Zak Brown says the early termination of McLaren's deal with Daniel Ricciardo has taught him to include more performance clauses in the team's contracts with its drivers in the future.
McLaren and Ricciardo will part ways at the end of the current season, a year before the term – the end of 2023 - contractually agreed between the two parties.
McLaren's hiring of Ricciardo in the spring of 2020 - even before the Covid-disrupted season got underway – offered the promise of a fruitful partnership between the Woking-based outfit and the eight-time Grand Prix driver.
But the partnership which cost McLaren an estimated $20 million a year, while it yielded a remarkable win at Monza last season, failed to live up to either team or driver's expectations. It was also a failing that Brown never anticipated.
"He came in having won seven grands prix and was the hottest driver that you could get and I think we maybe assumed, and I think kind of rightfully so, that he was going to pick up where he left off," said Brown of Ricciardo, speaking on The High Performance podcast.
"My one learning there would really just be contractual. I don’t think there’s anything we could have done differently for him as a driver.
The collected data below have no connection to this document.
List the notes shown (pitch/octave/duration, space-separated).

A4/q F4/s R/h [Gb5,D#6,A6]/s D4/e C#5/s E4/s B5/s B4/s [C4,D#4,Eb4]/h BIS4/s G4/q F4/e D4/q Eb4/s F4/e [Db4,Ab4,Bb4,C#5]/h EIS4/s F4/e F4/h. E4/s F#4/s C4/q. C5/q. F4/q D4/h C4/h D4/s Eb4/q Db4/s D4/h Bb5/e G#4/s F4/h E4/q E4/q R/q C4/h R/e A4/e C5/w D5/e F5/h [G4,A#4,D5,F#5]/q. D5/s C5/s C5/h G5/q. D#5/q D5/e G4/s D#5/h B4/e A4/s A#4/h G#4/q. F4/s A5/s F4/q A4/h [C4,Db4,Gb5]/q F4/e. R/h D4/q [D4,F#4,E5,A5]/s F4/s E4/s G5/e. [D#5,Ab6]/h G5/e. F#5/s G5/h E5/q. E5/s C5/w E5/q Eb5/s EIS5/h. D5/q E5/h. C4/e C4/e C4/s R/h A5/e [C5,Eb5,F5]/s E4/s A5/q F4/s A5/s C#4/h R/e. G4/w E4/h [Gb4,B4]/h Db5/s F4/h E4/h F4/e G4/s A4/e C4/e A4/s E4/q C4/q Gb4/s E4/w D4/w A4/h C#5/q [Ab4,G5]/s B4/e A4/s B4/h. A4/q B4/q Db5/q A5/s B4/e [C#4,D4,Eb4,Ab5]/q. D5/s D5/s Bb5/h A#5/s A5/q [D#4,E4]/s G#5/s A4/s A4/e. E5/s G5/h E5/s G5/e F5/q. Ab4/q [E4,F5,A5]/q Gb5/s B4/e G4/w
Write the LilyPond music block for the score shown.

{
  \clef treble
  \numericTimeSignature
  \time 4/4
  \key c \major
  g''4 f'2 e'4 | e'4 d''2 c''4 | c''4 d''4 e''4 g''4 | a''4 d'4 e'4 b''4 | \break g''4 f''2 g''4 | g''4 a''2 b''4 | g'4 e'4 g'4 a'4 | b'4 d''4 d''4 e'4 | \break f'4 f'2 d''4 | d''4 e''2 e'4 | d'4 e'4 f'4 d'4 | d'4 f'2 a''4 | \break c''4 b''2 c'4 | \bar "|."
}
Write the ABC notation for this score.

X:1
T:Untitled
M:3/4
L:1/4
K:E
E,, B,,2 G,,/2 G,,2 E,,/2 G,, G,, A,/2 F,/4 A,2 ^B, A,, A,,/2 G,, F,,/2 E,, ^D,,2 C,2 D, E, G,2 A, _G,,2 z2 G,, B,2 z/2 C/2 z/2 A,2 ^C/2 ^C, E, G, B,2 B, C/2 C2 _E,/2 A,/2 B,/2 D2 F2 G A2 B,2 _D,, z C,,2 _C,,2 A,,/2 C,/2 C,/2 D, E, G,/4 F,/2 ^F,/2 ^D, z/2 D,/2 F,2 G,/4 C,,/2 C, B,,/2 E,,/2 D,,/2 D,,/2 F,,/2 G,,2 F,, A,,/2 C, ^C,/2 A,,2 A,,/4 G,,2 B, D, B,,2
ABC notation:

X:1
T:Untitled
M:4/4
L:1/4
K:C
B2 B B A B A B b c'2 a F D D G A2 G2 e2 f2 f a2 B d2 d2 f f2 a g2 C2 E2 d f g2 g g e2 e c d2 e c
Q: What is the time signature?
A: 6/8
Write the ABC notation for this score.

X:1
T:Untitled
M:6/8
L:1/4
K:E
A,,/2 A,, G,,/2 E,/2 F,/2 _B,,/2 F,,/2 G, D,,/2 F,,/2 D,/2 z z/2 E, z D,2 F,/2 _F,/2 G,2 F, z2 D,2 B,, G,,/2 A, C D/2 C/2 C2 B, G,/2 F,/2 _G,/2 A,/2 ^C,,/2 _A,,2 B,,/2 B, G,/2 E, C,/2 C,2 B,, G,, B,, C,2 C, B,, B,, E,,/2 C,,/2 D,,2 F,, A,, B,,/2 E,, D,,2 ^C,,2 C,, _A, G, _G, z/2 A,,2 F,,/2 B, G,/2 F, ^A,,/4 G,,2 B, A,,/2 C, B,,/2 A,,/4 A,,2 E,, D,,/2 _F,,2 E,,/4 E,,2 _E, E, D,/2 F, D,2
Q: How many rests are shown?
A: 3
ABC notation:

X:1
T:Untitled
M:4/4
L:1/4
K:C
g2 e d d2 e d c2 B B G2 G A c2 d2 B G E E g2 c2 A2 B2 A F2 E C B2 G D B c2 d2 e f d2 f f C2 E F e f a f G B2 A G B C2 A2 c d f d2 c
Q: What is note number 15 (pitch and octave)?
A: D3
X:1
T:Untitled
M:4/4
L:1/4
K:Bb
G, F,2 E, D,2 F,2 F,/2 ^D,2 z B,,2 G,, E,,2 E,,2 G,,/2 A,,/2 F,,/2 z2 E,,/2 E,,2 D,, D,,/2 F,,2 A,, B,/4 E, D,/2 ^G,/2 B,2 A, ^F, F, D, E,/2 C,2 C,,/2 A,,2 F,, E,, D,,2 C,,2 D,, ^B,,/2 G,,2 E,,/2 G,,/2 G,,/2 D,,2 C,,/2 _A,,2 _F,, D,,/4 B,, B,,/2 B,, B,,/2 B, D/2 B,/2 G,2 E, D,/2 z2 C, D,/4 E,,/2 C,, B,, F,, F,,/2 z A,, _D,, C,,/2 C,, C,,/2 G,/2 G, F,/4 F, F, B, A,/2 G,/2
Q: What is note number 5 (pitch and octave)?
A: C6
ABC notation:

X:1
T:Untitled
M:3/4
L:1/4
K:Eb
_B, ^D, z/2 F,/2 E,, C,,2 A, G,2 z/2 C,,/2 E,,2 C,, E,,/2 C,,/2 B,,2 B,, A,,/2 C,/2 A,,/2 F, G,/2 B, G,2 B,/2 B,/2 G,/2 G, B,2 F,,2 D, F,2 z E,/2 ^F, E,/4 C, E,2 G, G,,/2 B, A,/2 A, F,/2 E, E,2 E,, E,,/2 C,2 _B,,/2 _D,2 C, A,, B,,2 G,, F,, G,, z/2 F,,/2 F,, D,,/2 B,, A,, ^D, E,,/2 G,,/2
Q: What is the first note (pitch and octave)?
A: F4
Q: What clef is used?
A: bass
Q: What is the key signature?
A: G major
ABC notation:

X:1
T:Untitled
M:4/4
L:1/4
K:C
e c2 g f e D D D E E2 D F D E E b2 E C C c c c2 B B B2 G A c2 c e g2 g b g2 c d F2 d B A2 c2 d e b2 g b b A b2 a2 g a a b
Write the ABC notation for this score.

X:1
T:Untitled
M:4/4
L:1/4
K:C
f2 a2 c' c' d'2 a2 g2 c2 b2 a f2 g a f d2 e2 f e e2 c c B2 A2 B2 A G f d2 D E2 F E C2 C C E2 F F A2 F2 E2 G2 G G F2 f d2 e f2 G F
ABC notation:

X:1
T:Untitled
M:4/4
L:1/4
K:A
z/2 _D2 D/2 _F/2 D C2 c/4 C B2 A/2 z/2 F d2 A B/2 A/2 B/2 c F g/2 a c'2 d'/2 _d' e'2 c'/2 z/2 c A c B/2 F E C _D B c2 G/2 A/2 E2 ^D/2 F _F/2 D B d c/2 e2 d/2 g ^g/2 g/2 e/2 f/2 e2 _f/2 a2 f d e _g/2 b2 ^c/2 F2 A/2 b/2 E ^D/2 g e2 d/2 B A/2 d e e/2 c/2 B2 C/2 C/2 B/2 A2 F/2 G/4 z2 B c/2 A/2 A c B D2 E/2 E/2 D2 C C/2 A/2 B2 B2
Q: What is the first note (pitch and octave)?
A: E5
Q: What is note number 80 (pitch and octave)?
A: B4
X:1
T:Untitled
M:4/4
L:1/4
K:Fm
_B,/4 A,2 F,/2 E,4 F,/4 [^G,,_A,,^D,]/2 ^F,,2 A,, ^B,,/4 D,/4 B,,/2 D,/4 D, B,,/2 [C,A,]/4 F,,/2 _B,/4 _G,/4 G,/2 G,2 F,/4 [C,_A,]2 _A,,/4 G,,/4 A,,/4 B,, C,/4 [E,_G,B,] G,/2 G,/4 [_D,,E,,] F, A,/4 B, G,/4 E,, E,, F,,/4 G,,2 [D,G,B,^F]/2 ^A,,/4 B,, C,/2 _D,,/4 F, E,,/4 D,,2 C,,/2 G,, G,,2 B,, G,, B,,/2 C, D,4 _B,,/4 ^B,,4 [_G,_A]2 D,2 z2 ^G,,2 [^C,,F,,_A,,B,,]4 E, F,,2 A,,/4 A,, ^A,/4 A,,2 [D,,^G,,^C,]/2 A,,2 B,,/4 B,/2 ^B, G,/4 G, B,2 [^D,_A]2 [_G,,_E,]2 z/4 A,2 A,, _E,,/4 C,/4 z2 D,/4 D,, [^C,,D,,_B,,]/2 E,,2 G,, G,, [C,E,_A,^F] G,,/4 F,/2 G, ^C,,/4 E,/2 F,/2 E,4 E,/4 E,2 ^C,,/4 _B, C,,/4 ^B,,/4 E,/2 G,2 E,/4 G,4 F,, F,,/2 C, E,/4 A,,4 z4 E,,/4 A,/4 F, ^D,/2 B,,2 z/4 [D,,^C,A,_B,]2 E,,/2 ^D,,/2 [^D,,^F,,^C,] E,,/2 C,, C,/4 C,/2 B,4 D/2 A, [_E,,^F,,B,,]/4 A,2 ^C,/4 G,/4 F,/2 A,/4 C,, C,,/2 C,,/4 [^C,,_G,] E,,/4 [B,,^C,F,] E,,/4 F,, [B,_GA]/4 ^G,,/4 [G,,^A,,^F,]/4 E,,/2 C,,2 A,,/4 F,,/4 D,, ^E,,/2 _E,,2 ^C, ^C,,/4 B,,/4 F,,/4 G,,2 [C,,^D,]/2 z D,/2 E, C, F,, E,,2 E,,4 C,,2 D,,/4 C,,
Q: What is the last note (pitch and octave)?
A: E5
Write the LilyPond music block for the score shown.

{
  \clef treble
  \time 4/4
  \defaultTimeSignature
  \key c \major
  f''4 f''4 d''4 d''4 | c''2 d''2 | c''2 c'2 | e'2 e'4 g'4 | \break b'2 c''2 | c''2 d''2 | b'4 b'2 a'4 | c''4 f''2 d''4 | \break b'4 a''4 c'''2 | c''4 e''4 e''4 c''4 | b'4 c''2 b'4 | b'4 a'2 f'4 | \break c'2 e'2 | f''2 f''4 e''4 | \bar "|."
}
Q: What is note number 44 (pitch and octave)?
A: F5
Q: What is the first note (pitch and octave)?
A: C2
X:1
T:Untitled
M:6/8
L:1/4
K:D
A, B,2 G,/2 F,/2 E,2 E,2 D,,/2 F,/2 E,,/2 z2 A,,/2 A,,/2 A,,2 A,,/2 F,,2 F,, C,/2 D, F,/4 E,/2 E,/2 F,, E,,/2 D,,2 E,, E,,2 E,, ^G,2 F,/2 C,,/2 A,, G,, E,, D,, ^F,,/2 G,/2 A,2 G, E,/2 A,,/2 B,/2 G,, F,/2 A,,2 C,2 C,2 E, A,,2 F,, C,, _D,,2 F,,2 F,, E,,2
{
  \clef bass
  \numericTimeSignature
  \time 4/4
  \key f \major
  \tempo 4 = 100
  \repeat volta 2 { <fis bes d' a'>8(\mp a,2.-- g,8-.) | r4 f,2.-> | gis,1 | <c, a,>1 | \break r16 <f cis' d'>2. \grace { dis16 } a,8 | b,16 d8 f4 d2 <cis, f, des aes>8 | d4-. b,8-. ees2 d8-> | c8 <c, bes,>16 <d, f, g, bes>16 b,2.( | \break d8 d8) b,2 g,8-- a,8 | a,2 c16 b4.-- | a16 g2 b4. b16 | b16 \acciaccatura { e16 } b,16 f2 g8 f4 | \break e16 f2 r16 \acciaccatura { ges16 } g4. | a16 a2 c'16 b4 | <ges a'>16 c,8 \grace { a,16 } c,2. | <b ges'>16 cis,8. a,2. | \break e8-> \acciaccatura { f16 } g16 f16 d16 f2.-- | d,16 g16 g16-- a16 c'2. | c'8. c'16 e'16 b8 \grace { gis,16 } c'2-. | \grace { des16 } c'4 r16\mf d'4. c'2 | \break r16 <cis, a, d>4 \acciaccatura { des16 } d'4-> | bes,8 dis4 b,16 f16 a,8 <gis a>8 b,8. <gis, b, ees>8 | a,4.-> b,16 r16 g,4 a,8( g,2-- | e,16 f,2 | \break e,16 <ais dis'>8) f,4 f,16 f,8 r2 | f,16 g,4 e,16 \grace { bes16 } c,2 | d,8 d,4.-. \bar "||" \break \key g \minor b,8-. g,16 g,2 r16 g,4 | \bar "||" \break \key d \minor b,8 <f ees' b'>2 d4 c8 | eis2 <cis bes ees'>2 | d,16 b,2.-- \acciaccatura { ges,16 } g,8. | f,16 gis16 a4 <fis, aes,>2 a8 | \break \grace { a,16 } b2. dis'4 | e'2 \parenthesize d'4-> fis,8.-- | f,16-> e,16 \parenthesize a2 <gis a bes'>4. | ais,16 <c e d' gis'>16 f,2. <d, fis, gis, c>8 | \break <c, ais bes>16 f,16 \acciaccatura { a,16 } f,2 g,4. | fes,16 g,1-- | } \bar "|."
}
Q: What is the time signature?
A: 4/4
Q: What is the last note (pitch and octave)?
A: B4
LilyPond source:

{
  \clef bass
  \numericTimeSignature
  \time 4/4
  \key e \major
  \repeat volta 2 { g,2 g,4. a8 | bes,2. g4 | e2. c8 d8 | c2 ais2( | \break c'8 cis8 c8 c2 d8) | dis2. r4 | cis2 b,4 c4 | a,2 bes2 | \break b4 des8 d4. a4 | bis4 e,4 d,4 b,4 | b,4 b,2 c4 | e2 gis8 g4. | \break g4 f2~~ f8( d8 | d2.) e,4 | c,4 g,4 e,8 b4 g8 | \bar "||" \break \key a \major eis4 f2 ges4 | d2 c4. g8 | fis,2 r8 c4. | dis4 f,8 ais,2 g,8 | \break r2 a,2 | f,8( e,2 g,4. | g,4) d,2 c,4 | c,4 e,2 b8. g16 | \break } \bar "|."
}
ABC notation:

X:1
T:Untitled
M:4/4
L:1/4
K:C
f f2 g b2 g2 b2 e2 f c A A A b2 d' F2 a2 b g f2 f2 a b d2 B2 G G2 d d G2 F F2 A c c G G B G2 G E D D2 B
"I’m sitting here right now thinking ‘I don’t think we could have done something differently to make him more competitive. We tried all that.
"To end the relationship early, we’ve had to write a big cheque, which is fine because that’s the deal we cut.
"I think what I’ll do differently next time is maybe have some more performance protections for us and not just assume that a great driver’s going to always be great.
"That’s the one learning, it’s more of a contractual one. But it’s a big one."
Both McLaren and Ricciardo have been unable to pinpoint the root cause of the Aussie's significant underperformance relative to teammate Lando Norris last season and even more so this year.
But Brown insists his team did everything it could to make things work with its driver.
"We’ve tried changing cars and offering to change people and it’s been over two seasons, two different cars so we thought ‘year one maybe he just didn’t gel with the car, so let’s see what will happen in year two, it’s a totally different car’," Brown explained.
"But we got to the point where our only strategy was hope, and I think hope’s not a great strategy.
"It’s a great mystery. We saw in Monza, it’s in there. There’s no doubt; the guy did not win eight grands prix by accident. We just weren’t able to unlock it together.
"And Lando’s driving great and getting the car to perform, so I don’t think there’s anything sitting here that we would’ve done differently or could’ve seen or should’ve known.
"I think the only thing is just from a business standpoint we could’ve contractually kind of [asked] ‘what if it doesn’t work?’ and I think we went into it so excited and not really thinking of a downside scenario.
"But you don’t also know if you would’ve got those contractual protections; sitting here now I can say, ‘well, I wish I would’ve had this in the contract’, but who knows whether he would’ve agreed to it.
"But he also might have because he would’ve been going, ‘well, that’s never going to happen, I’ll agree to things in contracts’."